"""

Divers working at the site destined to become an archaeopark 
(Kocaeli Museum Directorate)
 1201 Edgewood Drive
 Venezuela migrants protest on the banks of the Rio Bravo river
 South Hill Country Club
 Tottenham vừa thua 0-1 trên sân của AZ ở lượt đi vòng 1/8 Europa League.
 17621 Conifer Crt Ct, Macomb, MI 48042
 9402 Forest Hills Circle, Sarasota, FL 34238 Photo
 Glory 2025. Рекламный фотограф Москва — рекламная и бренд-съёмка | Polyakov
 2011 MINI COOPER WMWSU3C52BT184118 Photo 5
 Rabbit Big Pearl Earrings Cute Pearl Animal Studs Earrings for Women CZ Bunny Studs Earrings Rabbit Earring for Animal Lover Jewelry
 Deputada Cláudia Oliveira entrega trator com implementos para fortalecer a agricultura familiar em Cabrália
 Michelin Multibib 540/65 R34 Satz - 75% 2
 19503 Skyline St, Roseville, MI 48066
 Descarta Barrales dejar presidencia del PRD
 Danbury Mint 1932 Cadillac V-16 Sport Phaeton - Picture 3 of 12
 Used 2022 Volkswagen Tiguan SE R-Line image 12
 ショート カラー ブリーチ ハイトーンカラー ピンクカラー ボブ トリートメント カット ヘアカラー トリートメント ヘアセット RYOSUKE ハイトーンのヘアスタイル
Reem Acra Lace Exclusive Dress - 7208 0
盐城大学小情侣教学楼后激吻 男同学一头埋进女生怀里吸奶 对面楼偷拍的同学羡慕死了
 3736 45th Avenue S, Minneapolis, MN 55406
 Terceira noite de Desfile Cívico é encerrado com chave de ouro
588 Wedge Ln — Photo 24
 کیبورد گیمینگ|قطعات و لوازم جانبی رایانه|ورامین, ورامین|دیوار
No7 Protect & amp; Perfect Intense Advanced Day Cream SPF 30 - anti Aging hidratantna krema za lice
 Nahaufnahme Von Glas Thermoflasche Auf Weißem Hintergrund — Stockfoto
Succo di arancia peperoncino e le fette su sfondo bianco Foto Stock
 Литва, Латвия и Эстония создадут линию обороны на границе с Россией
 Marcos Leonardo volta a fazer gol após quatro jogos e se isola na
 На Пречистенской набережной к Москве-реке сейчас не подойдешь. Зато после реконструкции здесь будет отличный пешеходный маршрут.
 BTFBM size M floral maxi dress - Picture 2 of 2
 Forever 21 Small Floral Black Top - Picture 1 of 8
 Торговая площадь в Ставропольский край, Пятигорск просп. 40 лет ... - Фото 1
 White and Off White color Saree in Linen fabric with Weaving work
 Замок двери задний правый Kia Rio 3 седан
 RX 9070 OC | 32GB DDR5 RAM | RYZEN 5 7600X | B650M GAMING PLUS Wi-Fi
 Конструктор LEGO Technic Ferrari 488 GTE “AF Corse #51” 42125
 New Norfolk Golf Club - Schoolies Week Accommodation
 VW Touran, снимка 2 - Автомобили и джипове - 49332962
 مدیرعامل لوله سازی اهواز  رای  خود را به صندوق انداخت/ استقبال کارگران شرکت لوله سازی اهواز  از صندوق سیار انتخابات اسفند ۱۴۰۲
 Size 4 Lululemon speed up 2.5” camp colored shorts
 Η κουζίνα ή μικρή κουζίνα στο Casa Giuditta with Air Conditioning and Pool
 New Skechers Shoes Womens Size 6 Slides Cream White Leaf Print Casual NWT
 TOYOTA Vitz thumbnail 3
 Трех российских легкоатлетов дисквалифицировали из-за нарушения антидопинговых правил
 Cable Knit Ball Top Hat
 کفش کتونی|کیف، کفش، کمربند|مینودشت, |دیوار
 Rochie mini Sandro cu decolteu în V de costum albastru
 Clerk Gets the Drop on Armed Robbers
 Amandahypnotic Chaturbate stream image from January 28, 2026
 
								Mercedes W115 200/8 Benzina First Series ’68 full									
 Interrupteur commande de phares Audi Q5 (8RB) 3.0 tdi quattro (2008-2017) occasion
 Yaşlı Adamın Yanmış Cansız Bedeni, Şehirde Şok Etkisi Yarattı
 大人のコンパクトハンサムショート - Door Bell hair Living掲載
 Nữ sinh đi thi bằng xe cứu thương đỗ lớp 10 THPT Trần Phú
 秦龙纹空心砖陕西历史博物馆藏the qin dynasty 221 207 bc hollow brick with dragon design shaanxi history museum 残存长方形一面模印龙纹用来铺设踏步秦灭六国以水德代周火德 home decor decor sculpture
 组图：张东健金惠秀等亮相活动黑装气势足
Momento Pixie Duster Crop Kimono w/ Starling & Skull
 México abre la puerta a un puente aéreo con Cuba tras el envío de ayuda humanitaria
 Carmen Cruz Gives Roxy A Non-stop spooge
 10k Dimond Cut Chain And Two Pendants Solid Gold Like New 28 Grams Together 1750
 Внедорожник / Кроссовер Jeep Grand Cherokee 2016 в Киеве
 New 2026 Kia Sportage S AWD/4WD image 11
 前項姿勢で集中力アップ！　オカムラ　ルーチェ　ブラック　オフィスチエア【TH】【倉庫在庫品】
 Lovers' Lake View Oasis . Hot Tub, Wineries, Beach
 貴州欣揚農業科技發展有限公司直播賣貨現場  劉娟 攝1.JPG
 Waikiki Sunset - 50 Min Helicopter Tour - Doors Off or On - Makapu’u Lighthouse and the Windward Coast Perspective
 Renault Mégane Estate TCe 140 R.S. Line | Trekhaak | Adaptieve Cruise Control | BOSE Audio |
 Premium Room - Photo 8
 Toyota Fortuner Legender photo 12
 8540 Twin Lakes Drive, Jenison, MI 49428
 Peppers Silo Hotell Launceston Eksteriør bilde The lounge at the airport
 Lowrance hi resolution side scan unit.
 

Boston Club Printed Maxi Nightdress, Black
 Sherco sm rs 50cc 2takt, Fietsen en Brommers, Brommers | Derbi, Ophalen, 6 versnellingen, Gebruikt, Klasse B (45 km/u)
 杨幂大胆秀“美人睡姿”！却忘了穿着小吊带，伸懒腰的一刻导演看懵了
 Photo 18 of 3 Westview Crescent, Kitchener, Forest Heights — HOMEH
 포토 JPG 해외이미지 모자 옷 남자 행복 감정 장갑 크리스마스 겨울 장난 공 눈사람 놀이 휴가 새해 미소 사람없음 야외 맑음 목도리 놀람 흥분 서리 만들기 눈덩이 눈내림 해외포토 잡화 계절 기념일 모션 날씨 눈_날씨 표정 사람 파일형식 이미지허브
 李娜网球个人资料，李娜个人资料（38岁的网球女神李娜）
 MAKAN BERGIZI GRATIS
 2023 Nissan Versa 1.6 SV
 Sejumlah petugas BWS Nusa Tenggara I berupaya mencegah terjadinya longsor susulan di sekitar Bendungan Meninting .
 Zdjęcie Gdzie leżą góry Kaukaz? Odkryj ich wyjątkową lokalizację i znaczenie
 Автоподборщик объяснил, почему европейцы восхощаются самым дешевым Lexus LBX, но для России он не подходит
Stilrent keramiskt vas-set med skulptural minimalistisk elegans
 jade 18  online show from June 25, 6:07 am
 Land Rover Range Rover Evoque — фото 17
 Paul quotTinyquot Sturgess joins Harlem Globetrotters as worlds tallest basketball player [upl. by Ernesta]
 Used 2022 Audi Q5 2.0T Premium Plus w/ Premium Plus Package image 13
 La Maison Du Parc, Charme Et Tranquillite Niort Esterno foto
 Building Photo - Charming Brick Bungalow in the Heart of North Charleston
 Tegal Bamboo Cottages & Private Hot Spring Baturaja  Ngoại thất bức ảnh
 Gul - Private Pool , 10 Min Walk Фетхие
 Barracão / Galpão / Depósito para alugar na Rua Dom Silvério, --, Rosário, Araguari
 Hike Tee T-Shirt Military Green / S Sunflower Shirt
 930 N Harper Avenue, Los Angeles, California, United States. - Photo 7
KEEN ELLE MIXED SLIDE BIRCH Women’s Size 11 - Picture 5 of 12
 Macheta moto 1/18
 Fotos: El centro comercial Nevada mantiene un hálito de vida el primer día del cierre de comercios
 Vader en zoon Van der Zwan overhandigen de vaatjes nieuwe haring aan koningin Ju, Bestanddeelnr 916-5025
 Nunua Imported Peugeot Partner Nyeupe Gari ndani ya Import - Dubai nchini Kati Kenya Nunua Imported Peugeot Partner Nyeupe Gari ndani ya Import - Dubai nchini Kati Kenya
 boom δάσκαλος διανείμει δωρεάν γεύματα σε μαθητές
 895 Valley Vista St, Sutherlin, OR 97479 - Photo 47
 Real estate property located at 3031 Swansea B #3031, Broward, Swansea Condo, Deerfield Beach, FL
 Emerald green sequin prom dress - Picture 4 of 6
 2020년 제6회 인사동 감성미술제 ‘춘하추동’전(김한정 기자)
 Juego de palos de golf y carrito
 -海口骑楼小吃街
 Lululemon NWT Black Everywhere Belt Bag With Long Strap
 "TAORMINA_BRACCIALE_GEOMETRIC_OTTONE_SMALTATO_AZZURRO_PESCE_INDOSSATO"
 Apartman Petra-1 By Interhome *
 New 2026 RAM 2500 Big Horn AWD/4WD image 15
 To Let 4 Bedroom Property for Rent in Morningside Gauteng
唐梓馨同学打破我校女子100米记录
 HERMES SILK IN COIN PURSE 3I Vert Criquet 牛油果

"""

### Task requirements
Your task is to reproduce exactly the lines that begin with the one containing "Emerald green sequin" and continue to the end of the data, both ends included.

### Answer section
 Emerald green sequin prom dress - Picture 4 of 6
 2020년 제6회 인사동 감성미술제 ‘춘하추동’전(김한정 기자)
 Juego de palos de golf y carrito
 -海口骑楼小吃街
 Lululemon NWT Black Everywhere Belt Bag With Long Strap
 "TAORMINA_BRACCIALE_GEOMETRIC_OTTONE_SMALTATO_AZZURRO_PESCE_INDOSSATO"
 Apartman Petra-1 By Interhome *
 New 2026 RAM 2500 Big Horn AWD/4WD image 15
 To Let 4 Bedroom Property for Rent in Morningside Gauteng
唐梓馨同学打破我校女子100米记录
 HERMES SILK IN COIN PURSE 3I Vert Criquet 牛油果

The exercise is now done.